I was more interested in the portrait gallery, where they whisked me away from a masterpiece of Tom Wolfe, one of my early influences, so we could learn that Atari’s Pitfall was the very first video game that featured a running man as the protagonist.
I was a little older on my own first trip to Washington DC — it was the summer before 8th grade when my parents piled us in my father’s new Cadillac and headed down Interstate 95. All I remember is eating freezedried ice cream from the Air and Space Museum and that my younger sister peeled off from the White House tour — much more extensive in those halcyon days — to use the bathroom near the Oval Office. I also remember hitting a very old restaurant outside the city and getting my first taste of peanut-butter soup.
Our tour of the Capitol Building was cut short due to a service for Holocaust survivors held under the dome — hard to begrudge those guys a little quality time in one of the most beautiful structures in the city. And we did not tour the White House, though we did stop by to snap pictures one night before retiring to our hotel in Alexandria.
Still, we did our best to jam these kids full of memories: the American flag that inspired “The Star-Spangled Banner,” Dorothy’s ruby slippers from The Wizard of Oz, a genuine Apple II E personal computer, original copies of the Declaration of Independence and the US Constitution and Kermit the Frog, the Hope Diamond, a reconstruction of the largest snake ever to slither the Earth called the Titanoboa, a replication of the Australopithecus Lucy, the first vehicle to cruise the surface of the moon.

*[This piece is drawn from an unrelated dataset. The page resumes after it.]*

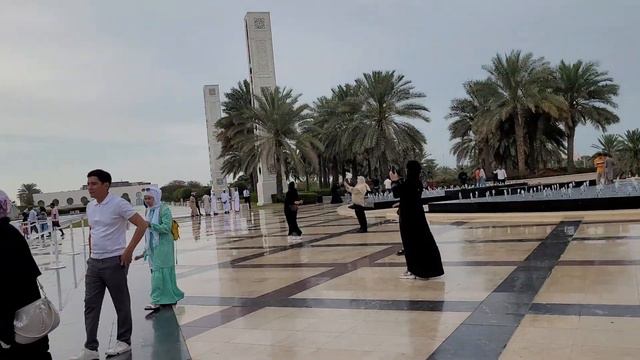 Площадь перед центральным входом в БЕЛУЮ МЕЧЕТЬ в Абу-Даби. 24.04.2023 смотреть онлайн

The museums of the Smithsonian are amazing, and like I do every time I’m in DC I yearned for a month or so of free time to plumb their collections of artifacts. The kids balked at a chance to visit the Newseum, the newspaper repository where I could spend at least a week, and the Museum of Crime and Punishment, which just sounds cool. And I could have done with more time at the National Art Gallery, where I hurried past Van Goghs, Toulouse-Lautrecs, Monets, Cezannes and dozens of other important works at the behest of bored 9-year-olds more interested in the Union Station Food Court than the transition from impressionism to post-impressionism and Picasso’s Blue Period.
But something interesting happened in Monument Park, where work on the Reflecting Pool continues at a crawl though it does little to distract from the power of the symbols enshrined nearby.
The Vietnam War Memorial, with its long crescendo of the names of the dead, did little to keep the kids interested. But the memorial to the Korean War stopped them in their tracks.
The piece depicts 19 soldiers on patrol, from all of the armed forces, slogging through ground cover of juniper. Even the kids could read the faces of the soldiers: despair, fatigue, concern. Even the kids could see the emptiness in the eyes of these men in combat gear, could understand the tragedy of war.
This was hours after we hit Arlington and made a successful search for Abner Doubleday’s grave, discussed the significance of the Tomb of the Unknown Soldier. But the memorial to the Korean War — a piece of art, mind you — taught them more about armed conflict than thousands of actual graves and headstones.